10 18 Distributed Snapshots Determining Global States of Distributed Systems - lkuper/CSE232-2021-09 GitHub Wiki
Discussion for: K. Mani Chandy and Leslie Lamport, "Distributed Snapshots: Determining Global States of Distributed Systems" (TOCS, 1985)
Paper overview
Chandy and Lamport propose an algorithm to record the global state of a distributed system. They achieve this by decentralizing and relegating the recording of local states and channel states to each individual process. Once the system has recorded each local state, a global state of the whole system can be built.
The motivation established to do this is that of recording a stable property of a system. A stable property is defined as a property that once established to be true will hold for the rest of the computation. Examples of stables properties are given as; "computation has terminated", "the system has deadlocked", and "all tokens from a token ring have disappeared".
Of course this is not the only motivation for recording the global state of a distributed system. Commonly established motivations are that of creating checkpoints and for failure recovery. As with the recording of a global state, it is possible to recover(by rolling back) to a previous state of execution.
For the snapshot algorithm to work, Chandy and Lamport propose a series of abstractions as their model of a distributed system. The most relevant for the algorithms execution is the abstraction of a channel. A channel is the "route" of communications processes use to communicate with one another. The state of a channel is defined as the sequence of messages sent through the channel. The abstraction of marker messages is also used in the algorithm, as these messages define the bounds of when process states and channel states are recorded.
A significant point to be noted about the algorithm is how it doesn't rely on a consensus to be built for it to run. Each processes can act independent of each other and without having to notify any others of its current state. This is a significant departure from other algorithms that rely on a centralized manager.
The details of the algorithm itself are left as an exercise to the reader. Although a summarized version is included.
-
The initiator process:
- records its own state
- sends a marker message out on all its out going channels
- start recording the messages it receives on all its incoming channels
-
When process Pi receives a marker on channel Cki:
- If it's the first marker message Pi has seen:
- Pi records its state
- Pi marks the channel Cki as empty
- Pi sends out markers on all its out going channels
- Pi will start recording on all its incoming channels, except Cki
- IF Pi has already seen a marker:
- Pi stops recording on Cki, and sets Cki's state to the sequence of messages received.
- If it's the first marker message Pi has seen:
The authors go into significant detail on how the distributed snapshot algorithm resolves their set motivation of determining a stable property in a distributed system.
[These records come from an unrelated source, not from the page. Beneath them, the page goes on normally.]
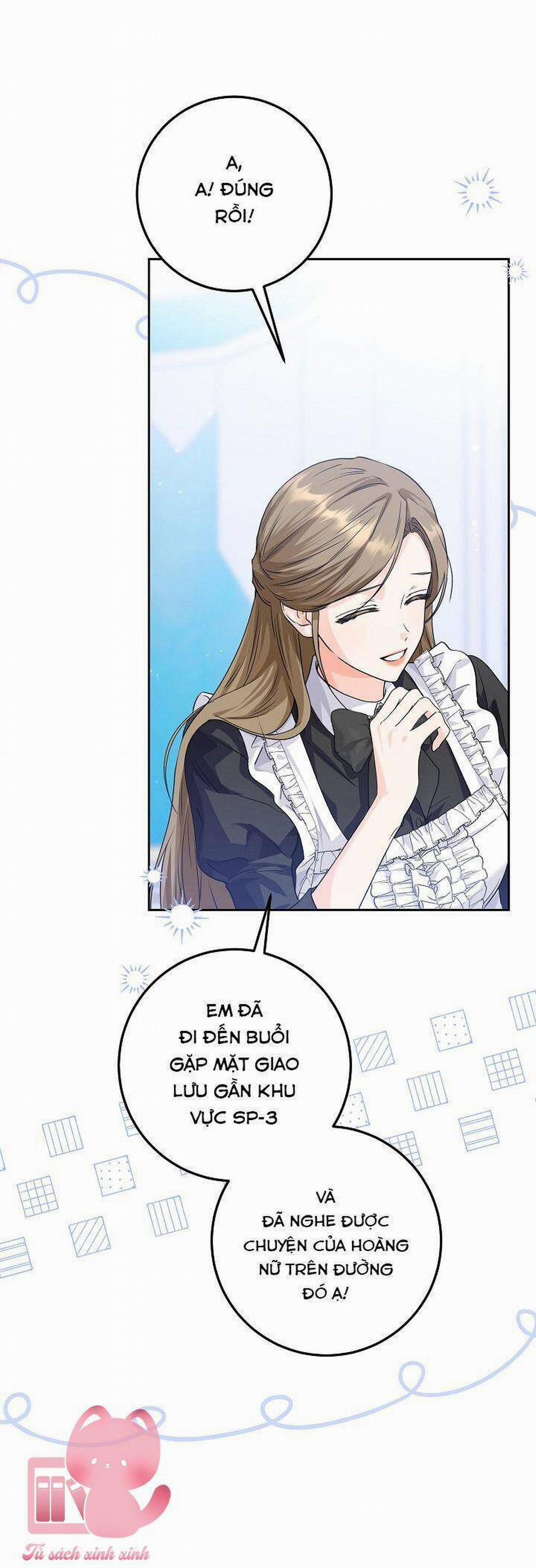 Hoàng Nữ Cosplay Nonfan 18 trang 54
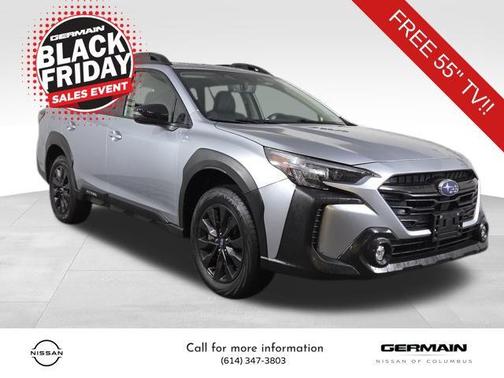 2024 Subaru Outback Onyx Edition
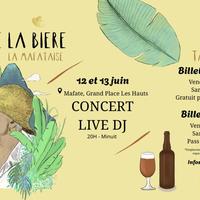 Fête de la bière à Mafate - La Mafataise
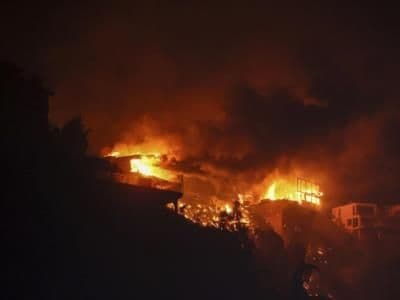 Fact Check: Municipalities struggle to recoup costs for hosting wildfire evacuees.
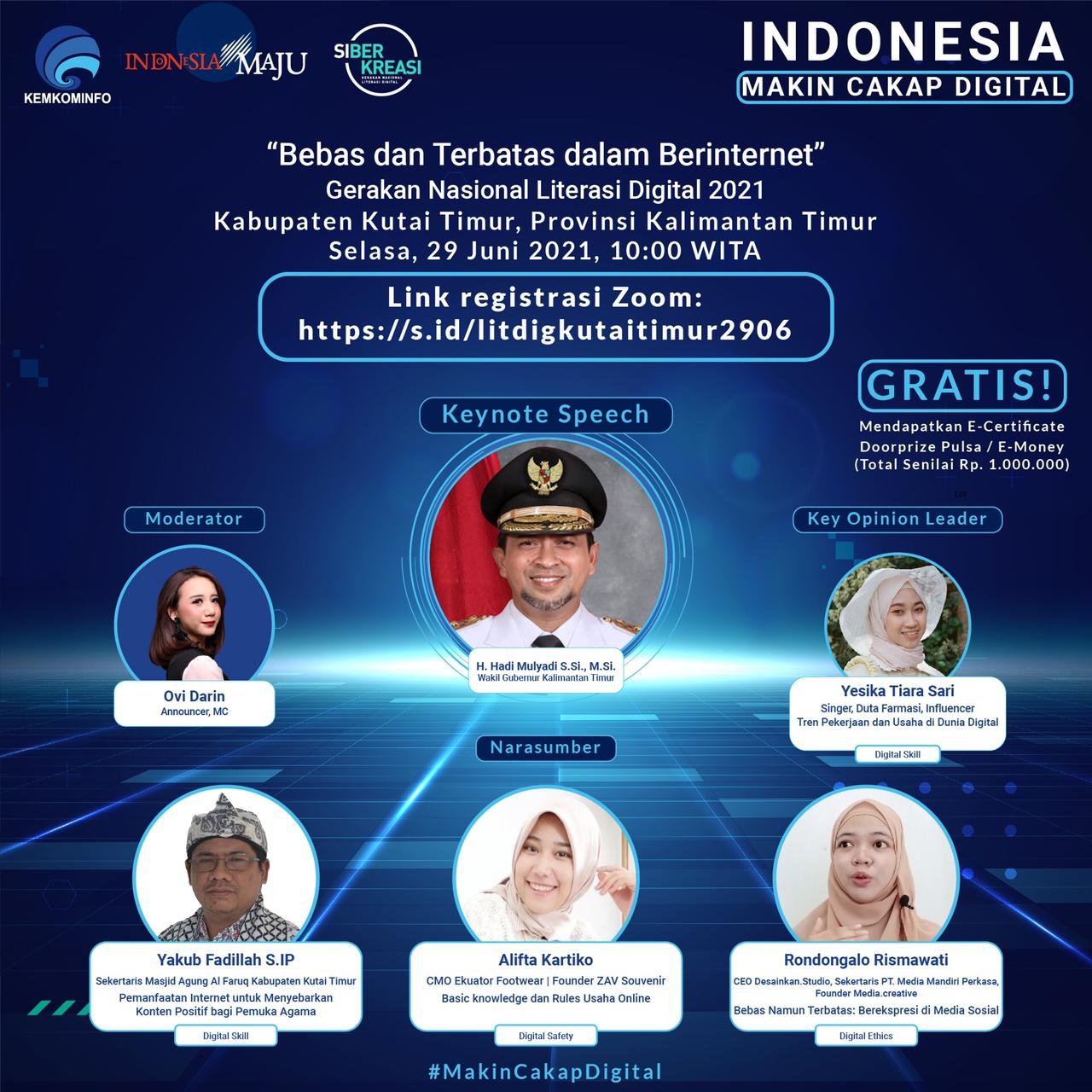 Literasi Digital : Bebas Terbatas dalam Berinternet PROKALTIM 1 WhatsApp Image 2021 08 28 at 15.28.07 1 Literasi Digital : Bebas Terbatas dalam Berinternet PROKALTIM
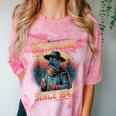 Plague Doctor Introvert Sarcastic Social Distancing Expert Comfort Color Blast T-Shirt Clay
The final section of the paper contains a full solution to the "stability detection" problem.
Discussion questions
Q1
(Contributed by @aakash-mishra)
One of the key assumptions in the paper is that both the marker messages and application messages must follow FIFO delivery. What are some possible issues that could arise if this assumption were to be dropped and FIFO delivery is violated?
Discussion summary for Q1
If FIFO delivery is violated the integrity of the global snapshot is significantly compromised. The results are either information loss or inconsistent snapshots.
In the case of information loss consider the following scenario:
If a process were to send a normal message and then a marker message to another process, and the marker marker arrived first, the second process would mark the incoming channel as empty before it received the message. In this case the snapshot would be inaccurate, because the first process would have recorded the message, and the second would not have. While not by definition an inconsistent snapshot, this scenarios results in a channel state recording being inaccurate and losing information of the workload.
In the case of inconsistent snapshot consider the following scenario:
If a marker message is sent before a normal message but is delivered after the normal message is delivered. This is a quite significant issue. As it results in a properly inconsistent snapshot, as the sending of the normal message would not be recorded in a process state but the delivery of the message would be recorded in the channel state.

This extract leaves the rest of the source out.